(Exercise)
In the records that follow, find the line containing "In this lecture, we" and the line containing "The next step", then transcribe both and every line between them exactly, omitting pictures.

(Dataset)
- - -

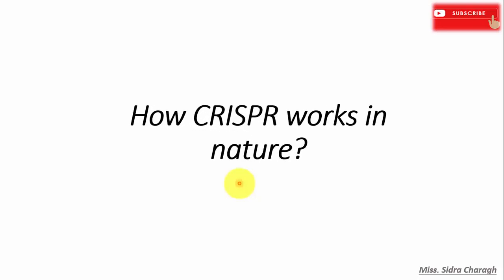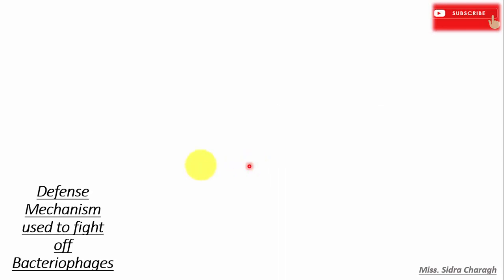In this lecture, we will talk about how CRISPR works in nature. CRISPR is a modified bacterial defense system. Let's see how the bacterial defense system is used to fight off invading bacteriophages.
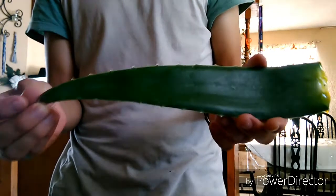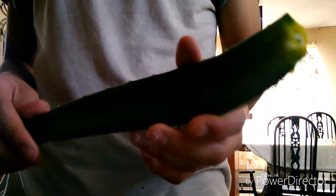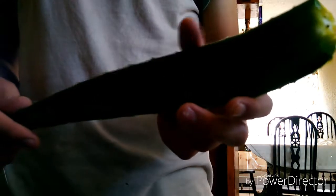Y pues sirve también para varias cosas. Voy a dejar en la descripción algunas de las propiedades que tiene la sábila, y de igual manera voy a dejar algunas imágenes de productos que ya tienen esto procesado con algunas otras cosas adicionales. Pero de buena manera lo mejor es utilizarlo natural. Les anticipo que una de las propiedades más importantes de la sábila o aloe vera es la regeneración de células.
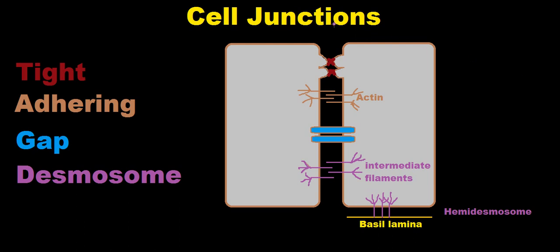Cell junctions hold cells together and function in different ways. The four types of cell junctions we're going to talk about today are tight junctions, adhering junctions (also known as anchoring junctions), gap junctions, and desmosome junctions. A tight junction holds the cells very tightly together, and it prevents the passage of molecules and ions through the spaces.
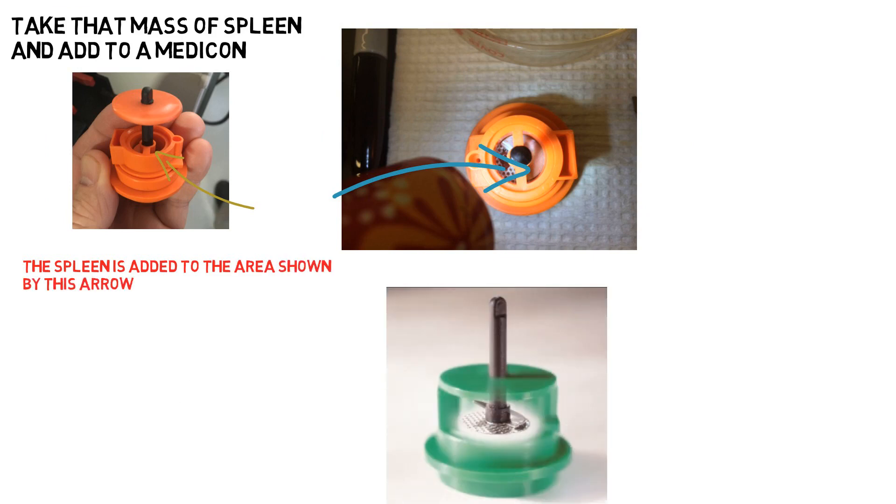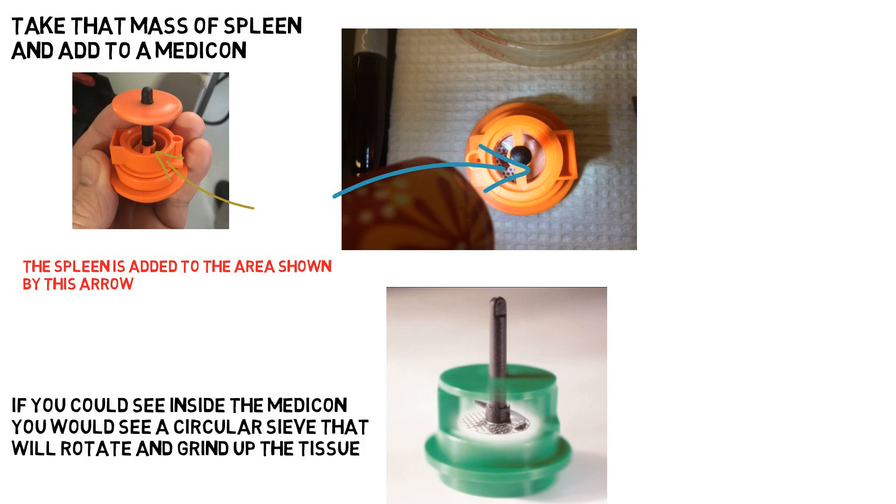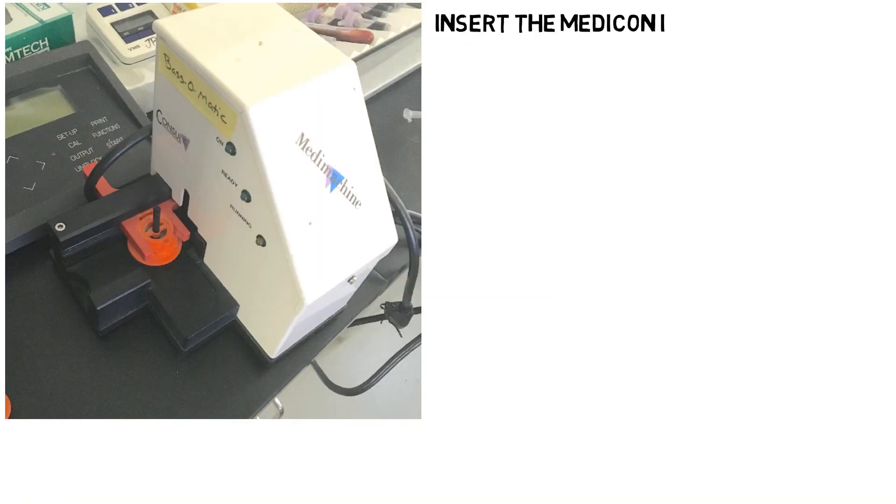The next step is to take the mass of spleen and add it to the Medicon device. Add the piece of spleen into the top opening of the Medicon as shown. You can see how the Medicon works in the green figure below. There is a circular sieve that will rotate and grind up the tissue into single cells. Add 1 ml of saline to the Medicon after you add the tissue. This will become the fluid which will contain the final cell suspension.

- - -

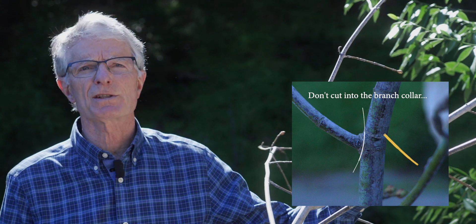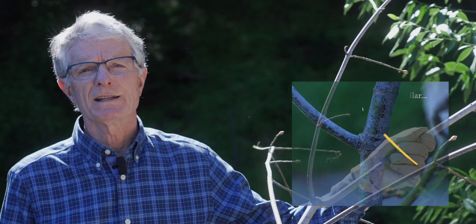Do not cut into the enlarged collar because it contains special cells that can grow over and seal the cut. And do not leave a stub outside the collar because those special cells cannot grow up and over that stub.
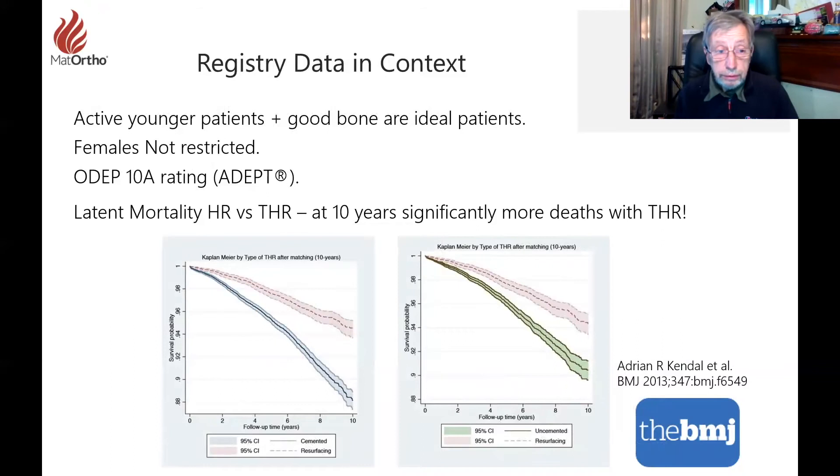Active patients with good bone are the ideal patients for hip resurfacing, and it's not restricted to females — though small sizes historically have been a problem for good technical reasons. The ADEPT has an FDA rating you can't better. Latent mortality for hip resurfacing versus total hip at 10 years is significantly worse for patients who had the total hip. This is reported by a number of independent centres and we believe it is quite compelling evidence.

- - -

(Task result)
In this lecture, we will talk about how CRISPR works in nature. CRISPR is a modified bacterial defense system. Let's see how the bacterial defense system is used to fight off invading bacteriophages.
Y pues sirve también para varias cosas. Voy a dejar en la descripción algunas de las propiedades que tiene la sábila, y de igual manera voy a dejar algunas imágenes de productos que ya tienen esto procesado con algunas otras cosas adicionales. Pero de buena manera lo mejor es utilizarlo natural. Les anticipo que una de las propiedades más importantes de la sábila o aloe vera es la regeneración de células.
Cell junctions hold cells together and function in different ways. The four types of cell junctions we're going to talk about today are tight junctions, adhering junctions (also known as anchoring junctions), gap junctions, and desmosome junctions. A tight junction holds the cells very tightly together, and it prevents the passage of molecules and ions through the spaces.
The next step is to take the mass of spleen and add it to the Medicon device. Add the piece of spleen into the top opening of the Medicon as shown. You can see how the Medicon works in the green figure below. There is a circular sieve that will rotate and grind up the tissue into single cells. Add 1 ml of saline to the Medicon after you add the tissue. This will become the fluid which will contain the final cell suspension.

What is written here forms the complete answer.